The roofline

Go deeper · Chapter 4, Self-attention — putting an actual number on “memory-bound.”

The memory wall kept leaning on one word — memory-bound — to explain why attention, and single-token decode in general, spends its time waiting on memory instead of computing. That was a story. The roofline turns it into a number you can plot, and that number tells you exactly when the story stops being true.

Two ceilings, and which one you hit first

A GPU can run out of road for two completely independent reasons, and whichever you reach first becomes your ceiling. One is compute — how many math operations per second the Tensor Cores can do (an H100 in fp16 tops out near 989 TFLOPS). The other is memory bandwidth — how many bytes per second you can stream out of HBM (the same H100: 3.35 TB/s). One caps the math; the other caps the bytes moved. A faster engine doesn't help if you're starved on fuel delivery.

Which ceiling binds you is a property of the workload, not the chip: its arithmetic intensity — the FLOPs of work done for every byte moved, measured in ops:byte.

intensity = \frac{work (FLOPs)}{memory traffic (bytes)}, ridge = \frac{peak compute}{bandwidth} = \frac{989 TFLOP/s}{3.35 TB/s} \approx 295 ops:byte

That ridge at ~295 ops:byte is the break-even point. Do fewer than 295 operations per byte and you finish the math long before the next bytes arrive — you are memory-bound, idling on the left of the ridge. Do more and the bytes arrive faster than you can crunch them — you are compute-bound, on the right. The roofline plots achievable performance against intensity: a diagonal bandwidth ceiling that climbs until it meets the flat compute ceiling exactly at the ridge.
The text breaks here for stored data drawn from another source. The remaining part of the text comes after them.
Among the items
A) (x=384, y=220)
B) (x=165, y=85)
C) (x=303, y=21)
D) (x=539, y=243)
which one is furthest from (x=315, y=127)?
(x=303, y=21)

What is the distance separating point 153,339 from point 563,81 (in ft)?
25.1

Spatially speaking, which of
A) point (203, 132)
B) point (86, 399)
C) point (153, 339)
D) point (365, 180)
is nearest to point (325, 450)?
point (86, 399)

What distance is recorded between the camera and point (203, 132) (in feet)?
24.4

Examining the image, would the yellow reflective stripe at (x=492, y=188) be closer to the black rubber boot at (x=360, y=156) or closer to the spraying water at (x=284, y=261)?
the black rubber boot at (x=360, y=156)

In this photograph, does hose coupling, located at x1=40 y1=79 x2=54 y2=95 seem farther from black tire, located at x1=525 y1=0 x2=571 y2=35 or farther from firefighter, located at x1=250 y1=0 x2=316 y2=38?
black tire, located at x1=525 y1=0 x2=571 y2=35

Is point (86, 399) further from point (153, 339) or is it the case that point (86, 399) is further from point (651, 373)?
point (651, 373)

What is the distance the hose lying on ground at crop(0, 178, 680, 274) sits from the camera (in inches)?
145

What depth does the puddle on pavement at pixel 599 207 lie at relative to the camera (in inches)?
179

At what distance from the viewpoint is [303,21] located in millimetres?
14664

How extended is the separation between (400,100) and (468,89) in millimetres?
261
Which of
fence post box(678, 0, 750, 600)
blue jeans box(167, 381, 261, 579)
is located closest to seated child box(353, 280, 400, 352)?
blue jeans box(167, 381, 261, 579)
Where prefill and decode land

The two halves of inference sit on opposite sides. Prefill digests the whole prompt at once, so every weight it reads is reused across hundreds of token positions in parallel — a mountain of matmul per byte. It sits comfortably right of the ridge, compute-bound. Decode at batch 1 is the opposite extreme: to produce one token it streams the entire model's weights through the chip exactly once, doing almost no math per byte. It falls off the far-left cliff, deeply memory-bound — the same idle-waiting-on-memory the rest of this course keeps running into.
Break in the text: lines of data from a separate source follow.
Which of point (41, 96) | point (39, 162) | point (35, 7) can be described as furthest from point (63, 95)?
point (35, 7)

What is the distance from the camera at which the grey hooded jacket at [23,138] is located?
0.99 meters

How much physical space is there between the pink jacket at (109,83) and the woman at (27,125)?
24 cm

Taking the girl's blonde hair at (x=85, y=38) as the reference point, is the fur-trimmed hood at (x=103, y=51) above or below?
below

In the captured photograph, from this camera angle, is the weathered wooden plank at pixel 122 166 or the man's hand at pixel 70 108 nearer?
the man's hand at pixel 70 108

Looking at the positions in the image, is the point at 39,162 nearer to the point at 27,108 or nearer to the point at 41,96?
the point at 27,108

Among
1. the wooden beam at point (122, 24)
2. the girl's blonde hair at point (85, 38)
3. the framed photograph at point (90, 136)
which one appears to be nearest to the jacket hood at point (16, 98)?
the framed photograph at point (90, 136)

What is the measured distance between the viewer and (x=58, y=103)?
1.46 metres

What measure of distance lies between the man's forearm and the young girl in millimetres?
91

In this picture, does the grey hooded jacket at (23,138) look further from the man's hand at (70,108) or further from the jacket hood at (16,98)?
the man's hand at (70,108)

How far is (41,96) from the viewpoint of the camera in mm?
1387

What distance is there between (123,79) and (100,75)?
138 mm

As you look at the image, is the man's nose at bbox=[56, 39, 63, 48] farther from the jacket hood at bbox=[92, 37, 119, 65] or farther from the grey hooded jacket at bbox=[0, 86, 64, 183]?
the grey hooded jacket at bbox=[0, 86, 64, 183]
Drag the batch slider and watch the decode dot march. Batching N requests lets all N reuse each weight read, so intensity climbs roughly ×N and the dot slides right up the diagonal toward the ridge — flipping from memory-bound to compute-bound only once there's finally enough math per byte to keep the FLOPs busy:

The roofline — putting a number on "memory-bound"

decode batch size: 1 (tokens computed per one weight-read)

intensity now: 1.2 ops:byte

verdict: memory-bound

Drag the slider: each token in the batch reuses the same weight read, so intensity climbs ≈ ×batch and the decode dot marches right toward the ridge.

Worked example — a batch-1 decode step does about 2 FLOPs of math per parameter (one multiply-add) but must read every parameter from memory (2 bytes in bf16) just to emit one token: ~2 FLOP ÷ 2 bytes ≈ 1.2 op:byte ≪ 295, pinned to the memory cliff. That ratio barely depends on model size — it's why every batch-1 LLM decode is memory-bound.

This in-browser demo is pinned at batch 1 on the far-left memory cliff — one user, plain autoregressive decode. A faster GPU's extra FLOPs can't help you here, because you're bandwidth-pinned, not compute-pinned. Production serving batches hundreds of users together to climb the diagonal up to the ridge — that's how a GPU's compute actually gets used.

So “memory-bound” was never a fixed property of the model — it's a property of how you run it. One user waiting on one token sits on the cliff; a server batching hundreds of users climbs the diagonal until compute finally becomes the thing worth optimizing. That climb is the whole subject of the batching sub-chapter later on — the roofline is the map it reads.